37-year old Robert Hawkins won a landslide decision over Dominick Guinn in a gatekeeper special heavyweight main event on the uninspiring season premiere of ESPN2's Friday Night Fights, emerging victorious by scores of 97-93, 99-91, and 100-90.
Hawkins was a late replacement opponent for Guinn, who was first supposed to fight unbeaten American semi-prospect Alonzo Butler, and then there were other opponents lined up, all of whom fell through. Philadelphia's Hawkins (23-10) stepped in just over a month after being knocked out by Vladimir Virchis, and pulled out his second win in what was a very busy year for the journeyman.
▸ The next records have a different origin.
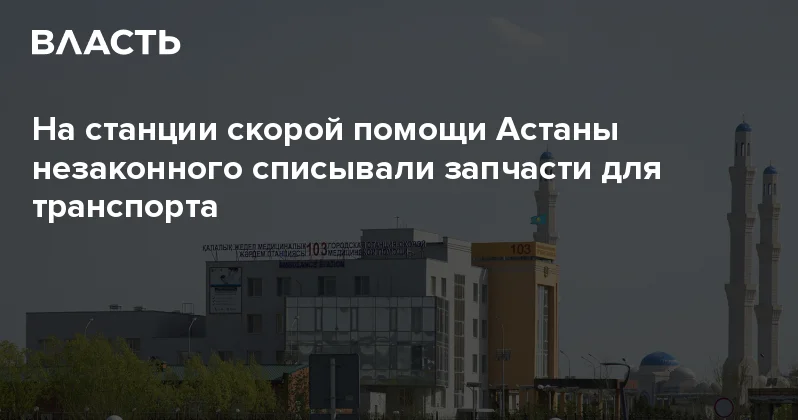 На станции скорой помощи Астаны незаконного списывали запчасти для транспорта Аналитический интернет журнал Власть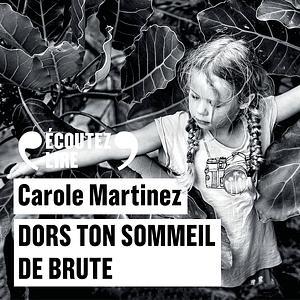 Dors de ton sommeil de brut by Carole Martinez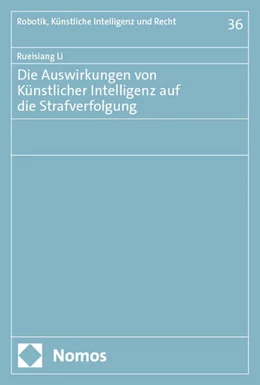 Abbildung von Li | Die Auswirkungen von Künstlicher Intelligenz auf die Strafverfolgung | 1. Auflage | 2025 | 36 | beck-shop.de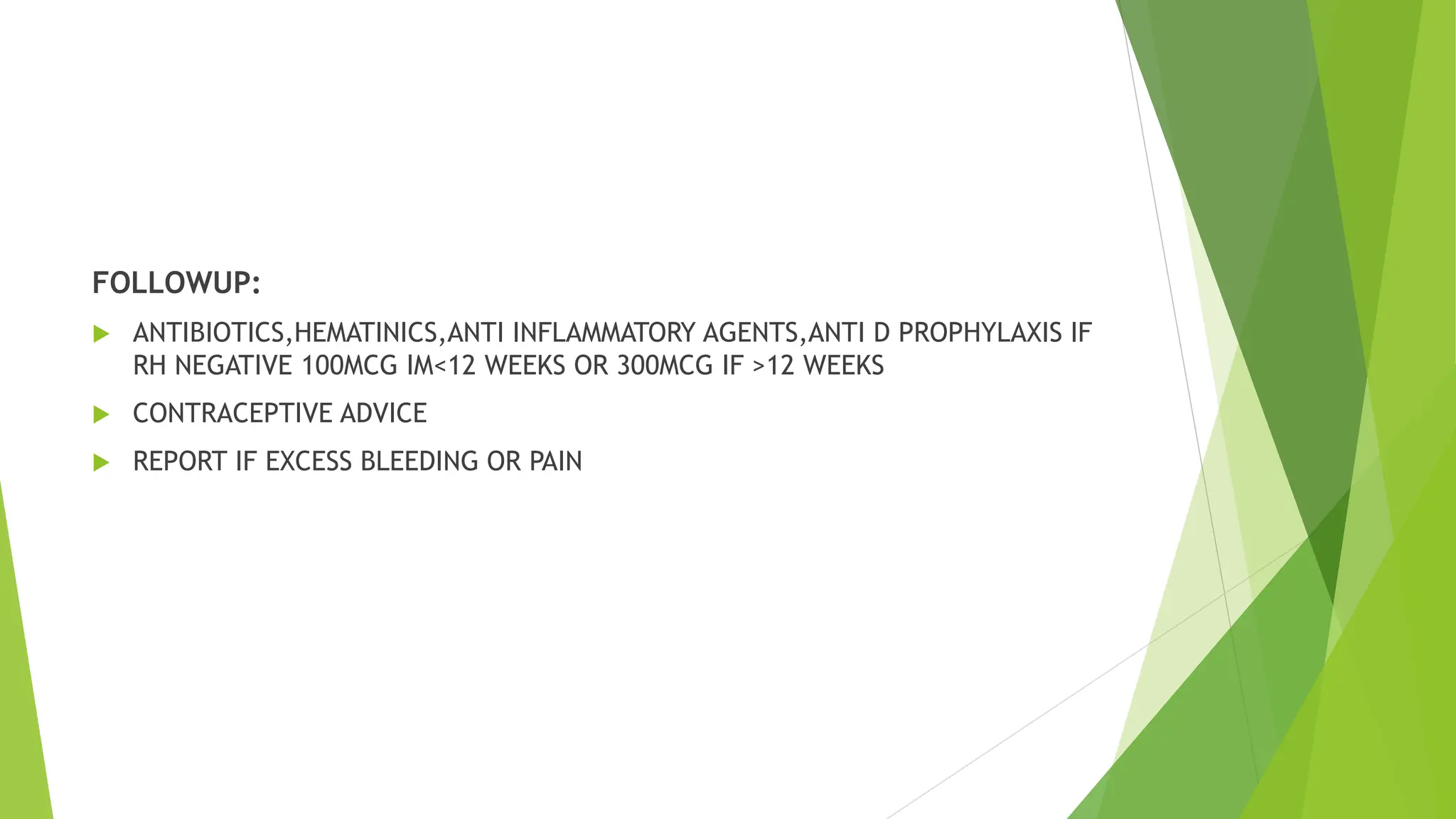 FOLLOWUP:
 ANTIBIOTICS,HEMATINICS,ANTI INFLAMMATORY AGENTS,ANTI D PROPHYLAXIS IF
RH NEGATIVE 100MCG IM<12 WEEKS OR 300MCG IF >12 WEEKS
 CONTRACEPTIVE ADVICE
 REPORT IF EXCESS BLEEDING OR PAIN
 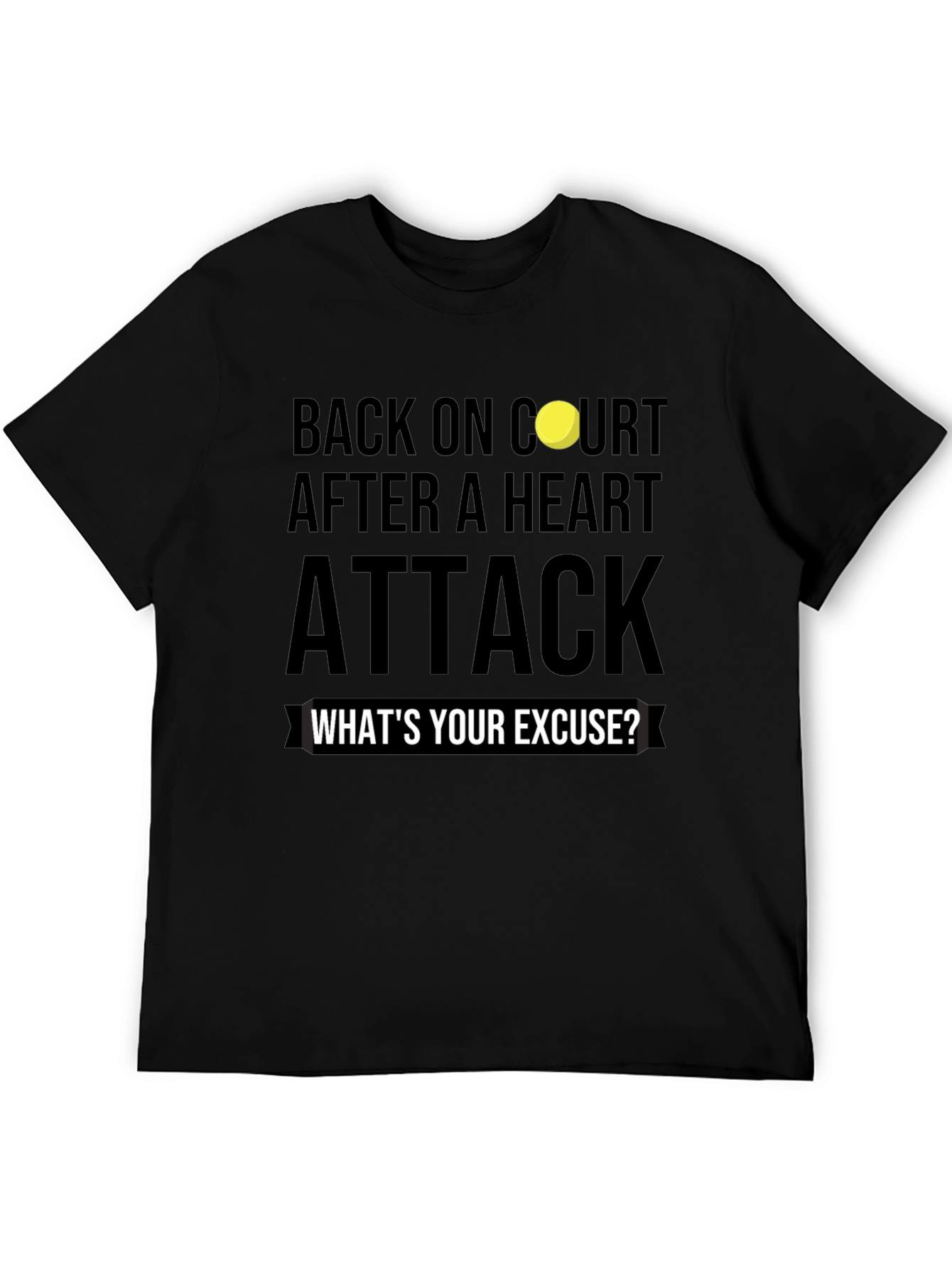 Back On Court After Heart Attack Graphic Tee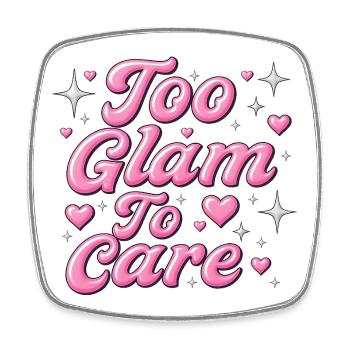 Too Glam to Care / Y2K Design - Square fridge magnet - white - Front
He beat Terry Smith via six-round decision in September, and lost to Virchis, David Tua, Jason Estrada, and Jean-Francois Bergeron. Counting a 2006 loss to Kevin Johnson and 2005 defeats at the fists of Eddie Chambers and Samuel Peter, Hawkins came into this fight having lost seven of his previous nine.
The 32-year old Guinn (28-6-1) has no excuses, though. He was set up to lose to Butler, but now had a fight he should have won, ill-prepared or not. It's not as if Hawkins was planning on fighting him, either, and Guinn wasn't even competitive. This, in my mind, truly puts the stamp on Guinn as absolutely nothing more than a professional opponent who should be fed to prospects ready to become contenders. His other five losses all came to quality fighters. And it's not a knock on Hawkins, but when you're in Guinn's position and you lose to someone in Hawkins', you become the same guy. It's over. There was once excitement about Guinn, and that has long since faded. This loss does little more than convince even the most ardent of Guinn fans (and I've found, strangely, that he has several) that Dominick Guinn, American Hope, is never happening.